Traditional Japanese New Year decoration

"mirror rice cake" (鏡餅, Kagami mochi) is a traditional Japanese New Year decoration. It usually consists of two round mochi (rice cakes), the smaller placed atop the larger, and a daidai (a Japanese bitter orange) with an attached leaf on top. In addition, it may have a sheet of konbu and a skewer of dried persimmons under the mochi. It sits on a stand called a (三宝, sanpō) over a sheet called a (四方紅, shihōbeni), which is supposed to ward off fires from the house for the following years. Sheets of paper called (御幣, gohei) folded into lightning shapes similar to those seen on sumo wrestler's belts are also attached.

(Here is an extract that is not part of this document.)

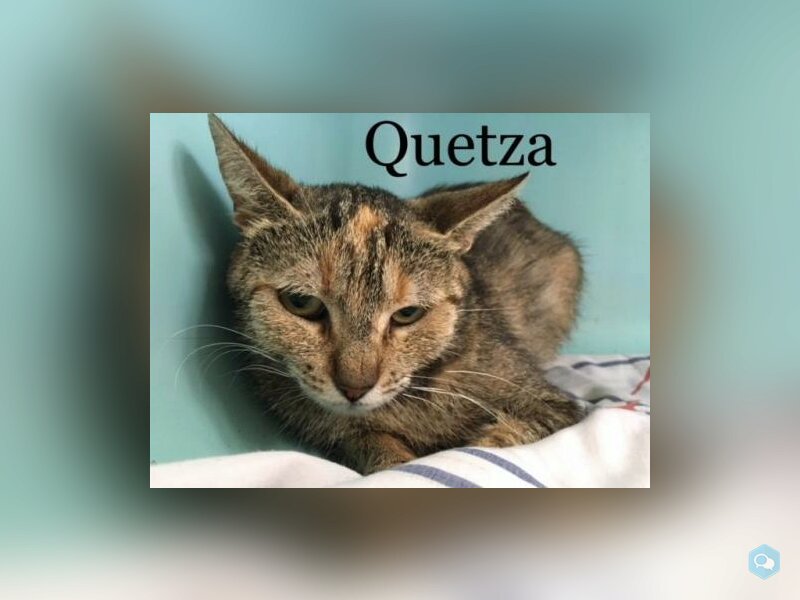 Quetza 1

| Mass-produced kagami mochi rice cakes | A traditionally-ornamented kagami mochi |

| Several sizes and prices of kagami mochi in Tokyo. | Traditionally-made kagami mochi |

Kagami mochi first appeared in the Muromachi period (14th-16th century). The name kagami ("mirror") is said to have originated from its resemblance to an old-fashioned kind of round copper or bronze mirror, which also had a religious significance. The reason for it is not clear. Explanations include mochi being a food for special days, the spirit of the rice plant being found in the mochi, and the mochi being a food which gives strength.

The two mochi discs are variously said to symbolize the going and coming years, the human heart, "yin" and "yang", or the Moon and the Sun. The daidai, whose name means "generations", is said to symbolize the continuation of a family from generation to generation.

Traditionally, kagami mochi were placed in various locations throughout the house. Nowadays, they are usually placed in a household Shinto altar, or kamidana. They are also placed in the tokonoma, a small decorated alcove in the main room of the home.

Contemporary kagami mochi are often pre-molded into the shape of stacked disks and sold in plastic packages in the supermarket. A mikan or a plastic imitation daidai is often substituted for the original one.

Variations in the shape of kagami mochi are also seen. In some regions, three layered kagami mochi are also used. The three layered kagami mochi are placed on the butsudan or on the kamidana. There is also a variant decoration called an okudokazari placed in the center of the kitchen or by the window which has three layers of mochi.

Kagami mochi are traditionally broken and eaten in a Shinto ritual called kagami biraki (mirror-opening) on the second Saturday or Sunday of January. This is an important ritual in Japanese martial arts dojos. It was first adopted into Japanese martial arts when Kanō Jigorō, the founder of judo, adopted it in 1884, and since then the practice has spread to aikido, karate, and jujutsu dojos.